Background
Fluoroquinolone agents, such as enrofloxacin and marbofloxacin, are commonly used in pseudomonal infection in veterinary medicine. However, the resistance rate to fluoroquinolone is rapidly increasing according to multiple studies in various countries. The point mutation in quinolone resistance determining region (QRDR) is closely related to increased fluoroquinolone resistance of Pseudomonas aeruginosa . The aim of this study was to investigate current antimicrobial susceptibility and fluoroquinolone resistance in Pseudomonas aeruginosa strains isolated from dogs. The presence of the point mutations in the QRDR was confirmed by gyrA and parC polymerase chain reaction and nucleotide sequencing analysis.
Results
A total of 84 nonduplicated P. aeruginosa isolates were obtained from 228 healthy dogs (healthy group) and 260 dogs with clinical signs (infected group).

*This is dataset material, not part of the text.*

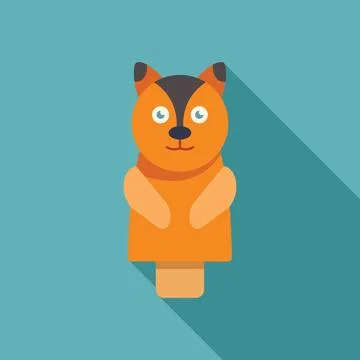 Adorable orange squirrel finger puppet posing on turquoise background Stock Illustration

From these, 38 isolates from the healthy group were detected in several samples, whereas 46 isolates from the infected group were mostly obtained from dogs’ ears with otitis externa (41/260, 15.8%). All isolates were resistant to nalidixic acid, while some were also resistant to enrofloxacin (23/84, 27.4%), marbofloxacin (17/84, 20.2%), levofloxacin (12/84, 14.3%), or ciprofloxacin (11/84, 13.1%). Enrofloxacin resistance was significantly higher in strains from the infected group than that of the healthy group ( p <0.05). Among the 23 fluoroquinolone-resistant isolates, 8 and 4 different mutations were detected in the gyrA and parC genes, respectively. Mutations in gyrA were significantly common in the infected group ( p <0.05). Hotspots for the gyrA and parC mutations were Thr83 (34.8%, 8/23) and Pro116 (91.3%, 21/23), respectively. Double and triple mutations were also found in 5 of the isolates.
Conclusion
Novel mutations in the gyrA and parC genes were first found in P. aeruginosa isolates from companion dogs in South Korea. These findings suggest that it is important to know the prudent use of fluoroquinolone antibiotics in canine pseudomonas infection treatment.